Również piszący już po wojnie Stanisław Szpilczyński wspomina o terapii rtęciowej króla, nie pytając o jej możliwe powody. Odrzuca jednak niewydolność nerek jako przyczynę śmierci Jana Sobieskiego, zwracając uwagę na inne objawy, o których wspomina się w relacji z sekcji zwłok: przerost serca i obrzęki oraz niewydolność oddechową. Szpilczyński sugeruje wobec tego następującą diagnozę: ostra niewydolność prawej komory serca, której powodem mogły być chroniczna choroba płuc i arterioskleroza. Jego przypuszczenia są spójne i logiczne, jednak zdumiewające jest, że Szpilczyński nie zdecydował się połączyć wszystkich objawów, na które cierpiał król w ostatnich latach życia, w jedną patofizjologiczną diagnozę: że doszło do uszkodzenia układu sercowo-naczyniowego w wyniku trzeciego stadium kiły.

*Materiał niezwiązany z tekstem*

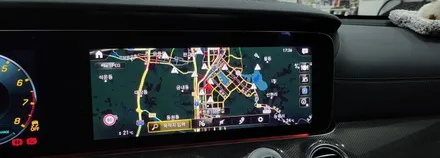 벤츠 E53AMG M2C200PLUS USB AUX 순정 GPS연동 휴대용 무선WIFI (통신비무료) 순정형 부메스터 전동트위터 송풍구엠비언트 / 성남 분당구 정자동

Najczęściej uszkodzenie układu sercowo-naczyniowego w trzecim stadium kiły dotyczy tętnic i jedną z najczęstszych oznak choroby syfilitycznej tętnic jest wyciek zastawki aorty, czyli niedomykalność zastawki aortalnej.  Gdy choroba się zaostrza, podwyższone ciśnienie płucne powoduje wzrost ciśnienia także w prawej komorze serca oraz jej wadliwe działanie, co już zauważył prof. Szpilczyński, choć na podstawie błędnych założeń. Długotrwała wadliwa praca prawej komory serca była głównym powodem obrzęków. Natomiast długotrwała i niewłaściwa praca lewej komory serca oraz nadciśnienie płucne mogły spowodować te wszystkie kliniczne objawy: kaszel, trudności w oddychaniu i orthopnea oraz prowadzący do śmierci nieodwracalny obrzęk płuc.

Wiedza o nadwadze króla może niewątpliwie sugerować, że jego ciężką sytuację zdrowotną w ostatnich latach spowodowały też inne przypadłości, jak nadciśnienie i arterioskleroza. Lecz ogólny obraz kliniczny, z przyczyną śmierci włącznie, z dużym prawdopodobieństwem daje się wytłumaczyć kiłą w trzecim stadium z uszkodzeniami ogólnoustrojowymi, szczególnie układu sercowo-naczyniowego. Jednorazowe lub kilkakrotne zabiegi preparatami rtęci w ostatnich latach Jana Sobieskiego nie mogły zapobiec uszkodzeniom tętnic i serca spowodowanym tą przewlekłą chorobą.



Tekst jest streszczeniem artykułu Isaka Gatha pt. Deformowanie prawdy medyczno-historycznej o chorobie i śmierci króla Polski Jana III Sobieskiego („Archiwum Historii i Filozofii Medycyny”, 80 (2017)), opracowanym przez Zuzannę Flisowską.